Difference between “pointer to int” and “pointer to array of ints”

Question

int main()
{
    int (*x)[5];                 //pointer to an array of integers
    int y[6] = {1,2,3,4,5,6};    //array of integers
    int *z;                              


        

Answer 1

The short answer: There is a difference, but your example is flawed.

The long answer:

The difference is that int* points to an int type, but int (*x)[6] points to an array of 6 ints. Actually in your example,

x = y;

is undefined** behavior, you know these are of two different types, but in C you do what you want. I'll just use a pointer to an array of six ints.

Take this modified example:

int (*x)[6];                 //pointer to an array of integers
int y[6] = {1,2,3,4,5,6};    //array of integers
int *z;                      //pointer to integer
int i;

z = y;
for(i = 0;i<6;i++)
    printf("%d ",z[i]);

x = y; // should be x = &y but leave it for now!

for(i = 0;i<6;i++)
    printf("%d ",x[i]); // note: x[i] not (*x)[i]

First,

1 2 3 4 5 6

Would be printed.
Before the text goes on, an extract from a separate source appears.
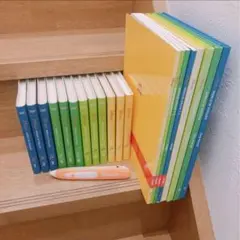 DWE シングアロング　DVD 絵本　ガイドブック　　　　タッチペン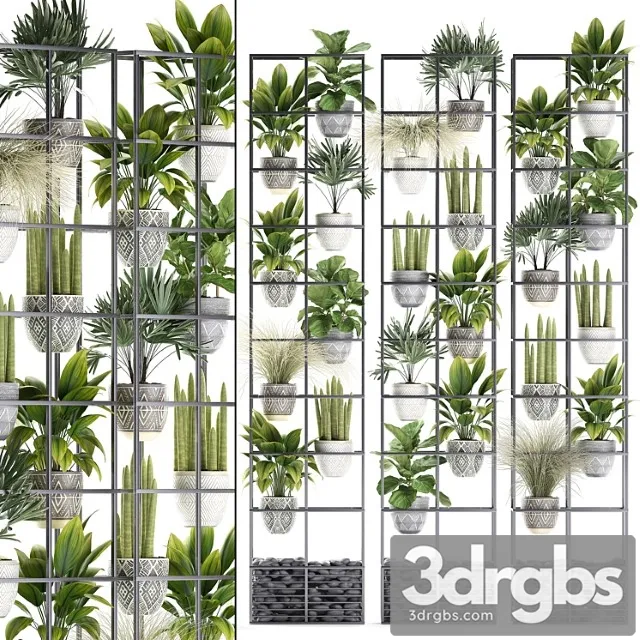 Vertical gardening. 31. shelf with flowers, grass, ficus, raphis, indoor plants, vertical garden, phytowall, phytomodule, pots, eco design, sansevieria, ficus lyrata, raphis palm, rack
Then, we get to x[0]. x[0] is nothing but an array of 6 ints. An array in C is the address of the first element. So, the address of y would be printed, then the address of the next array in the next iteration. For example, on my machine:

1 2 3 4 5 6 109247792 109247816 109247840 109247864 109247888 109247912

As you can see, the difference between consecutive addresses is nothing but:

sizeof(int[6]) // 24 on my machine!

In summary, these are two different pointer types.

** I think it is undefined behavior, please feel free to correct my post if it is wrong.